*** Opening Available data ***

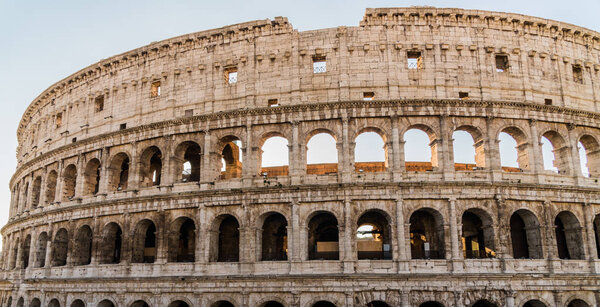 Ancient Roman Colosseum at sunrise. Rome, Italy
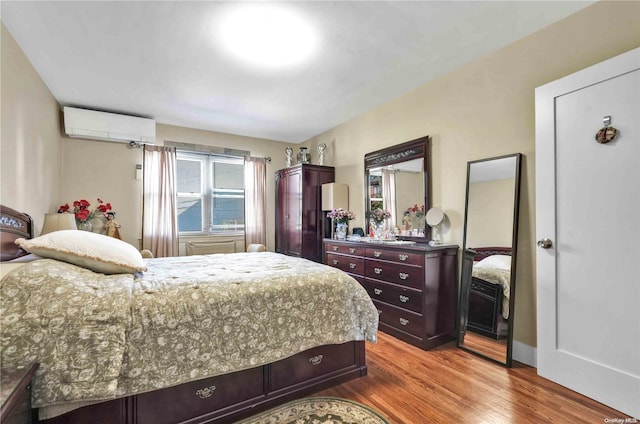 bedroom featuring hardwood / wood-style flooring and an AC wall unit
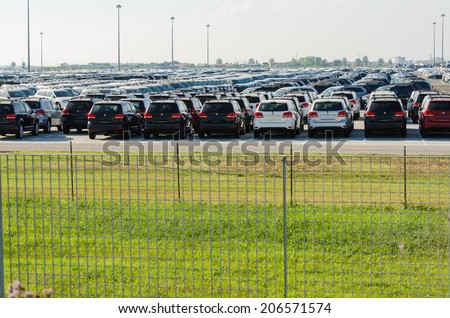 TUSCANY, ITALY - 27 June: New cars parked at distribution center in Tuscany, Italy. This one of biggest distribution centers in Italy.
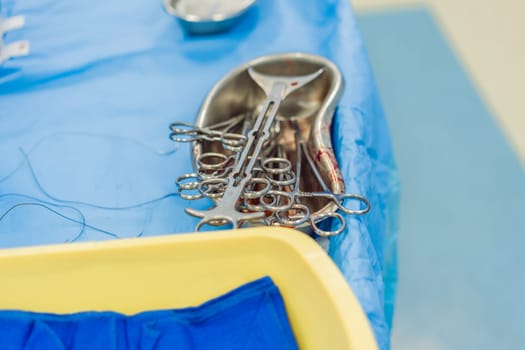 Used medical instruments of a surgeon in the operating room during an operation.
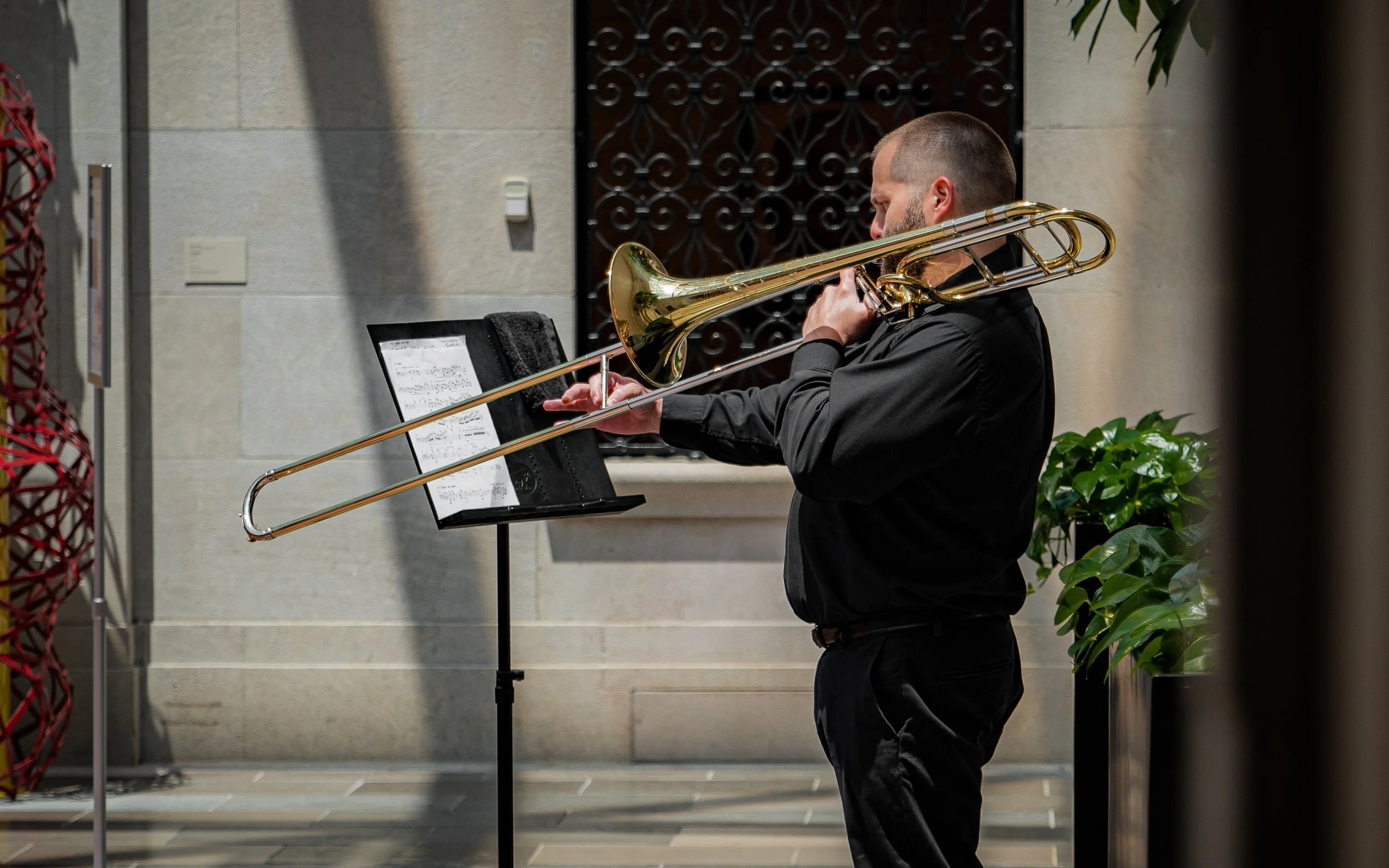 Man playing the trombone in an indoor setting with sheet music on a stand; plants and decorative elements in background.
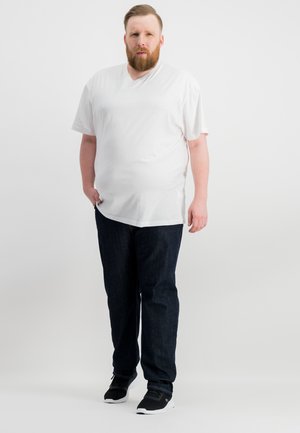 White short-sleeve V-neck t-shirt, dark blue jeans, and black sneakers. Model stands facing forward on a plain white background.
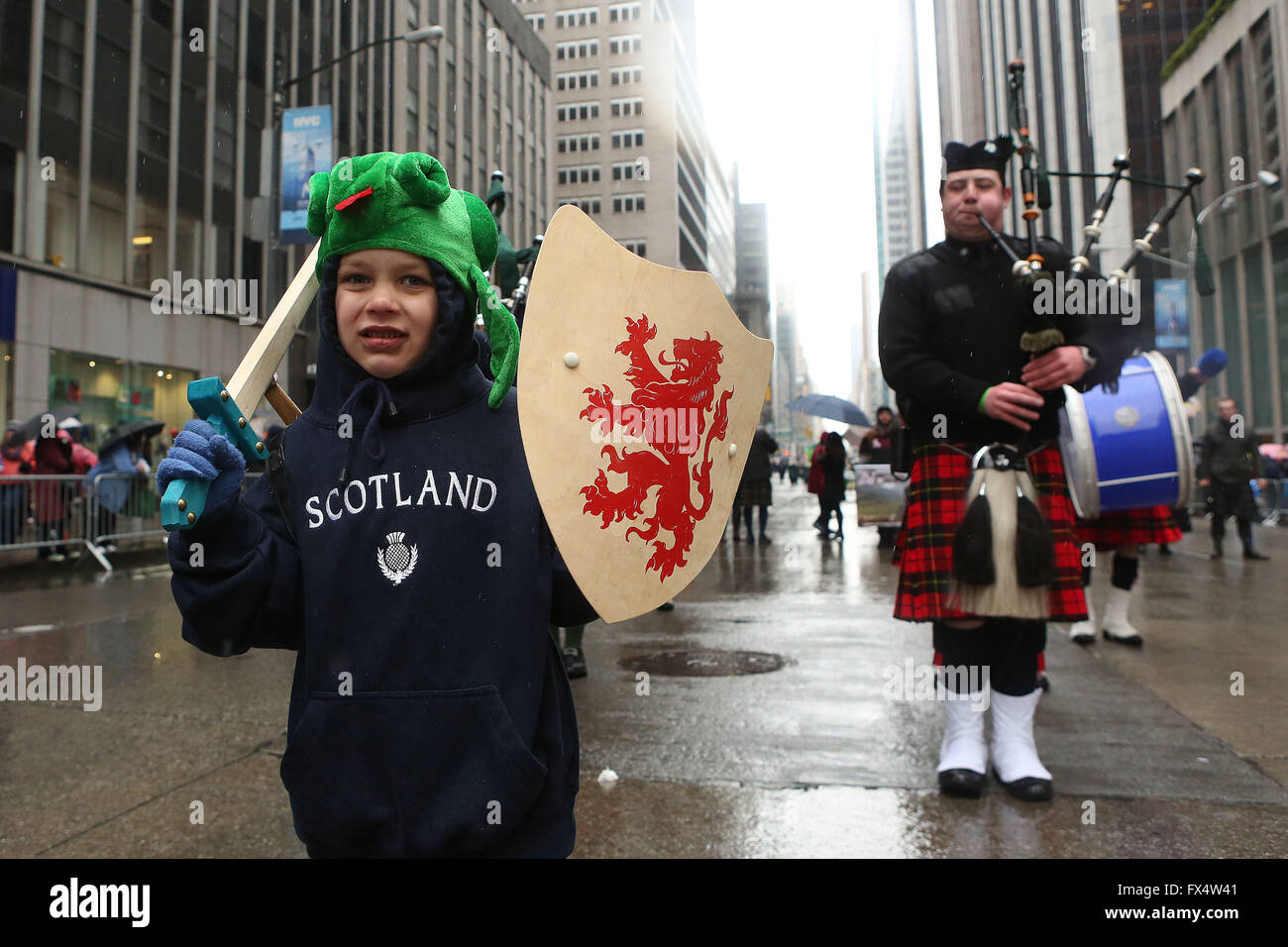 April 9, 2016 - New York City, NY, U.S - A little Scottish warrior leads the Pipes and drums of Tir na nog NYC as they march in the New York Tartan Day Parade, the annual celebration of Scottish heritage and pride in the United States. Thousands of Scots and people of Scottish heritage from across the world descended on the Big Apple for the celebrations, which marked the end of the city's Tartan Week.  The rain didn't stop kilt-wearing bagpipers, drummers, shinty players, Vikings or Scottish Clans from having a great time. (Credit Image: © Krista Kennell via ZUMA Wire) Stock Photo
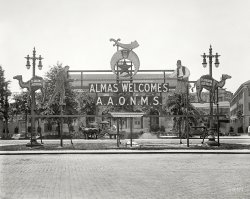 "Almas Welcomes A.A.O.N.M.S." The Washington, D.C., Masonic temple's hello to potentates of the Ancient Arabic Order of the Nobles of the Mystic Shrine during the Shriners convention of May 1923. 4x5 glass negative. View full size.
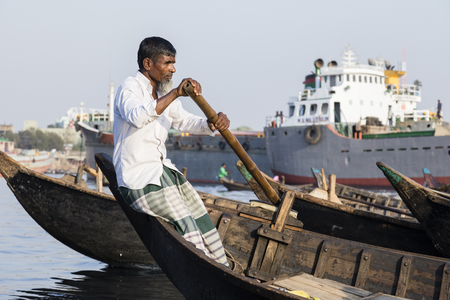 Dhaka, Bangladesh, February 24 2017: Close-up view of a rudder in a taxi boat from the perspective of the passenger on the Buriganga River in Dhaka Bangladeshのeditorial素材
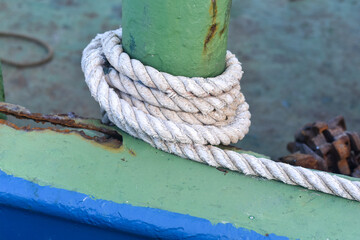 white rope on an iron pole. A thick white rope is wrapped around a green metal bollard, securing a...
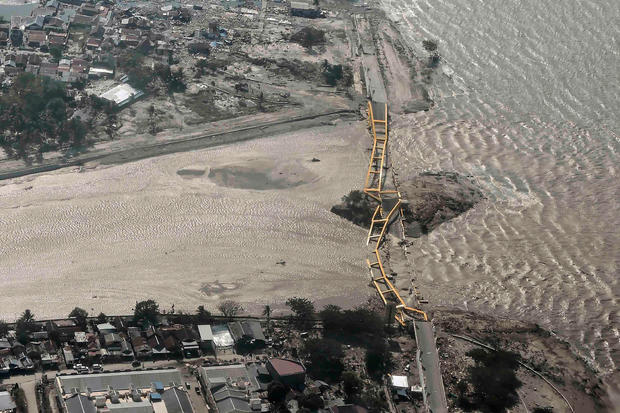 Aerial view of bridge damaged by an earthquake and tsunami in Palu, Central Sulawesi 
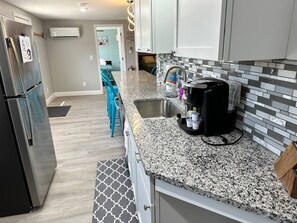 A kitchen with granite countertops, a stainless steel refrigerator, a coffee maker, and a tiled backsplash.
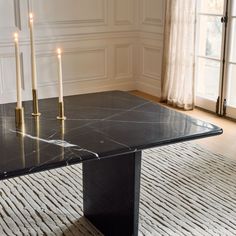 a black marble dining table with gold candles on the top and white rug in front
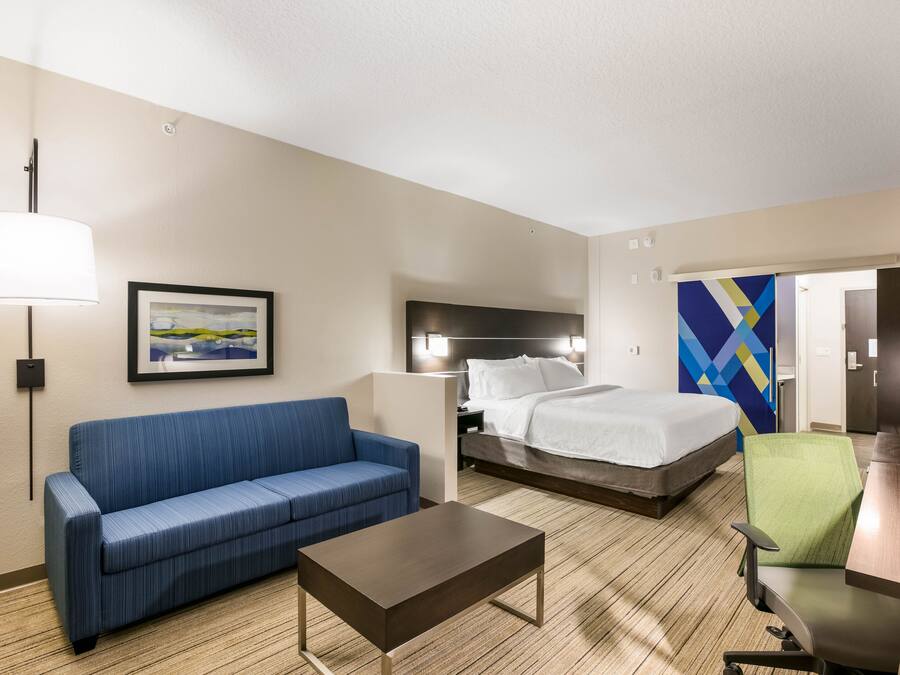 A hotel room with a bed, a blue sofa, a wooden coffee table, a green chair, and a painting on the wall.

*** Closing Available data ***

_Work to complete_
Copy everything above from the line holding "White short-sleeve V-neck" down to the line holding "white rope on", both ends included, exactly as it stands and without the pictures.

_Your solution_
 White short-sleeve V-neck t-shirt, dark blue jeans, and black sneakers. Model stands facing forward on a plain white background.
 April 9, 2016 - New York City, NY, U.S - A little Scottish warrior leads the Pipes and drums of Tir na nog NYC as they march in the New York Tartan Day Parade, the annual celebration of Scottish heritage and pride in the United States. Thousands of Scots and people of Scottish heritage from across the world descended on the Big Apple for the celebrations, which marked the end of the city's Tartan Week.  The rain didn't stop kilt-wearing bagpipers, drummers, shinty players, Vikings or Scottish Clans from having a great time. (Credit Image: © Krista Kennell via ZUMA Wire) Stock Photo
 "Almas Welcomes A.A.O.N.M.S." The Washington, D.C., Masonic temple's hello to potentates of the Ancient Arabic Order of the Nobles of the Mystic Shrine during the Shriners convention of May 1923. 4x5 glass negative. View full size.
 Dhaka, Bangladesh, February 24 2017: Close-up view of a rudder in a taxi boat from the perspective of the passenger on the Buriganga River in Dhaka Bangladeshのeditorial素材
 white rope on an iron pole. A thick white rope is wrapped around a green metal bollard, securing a...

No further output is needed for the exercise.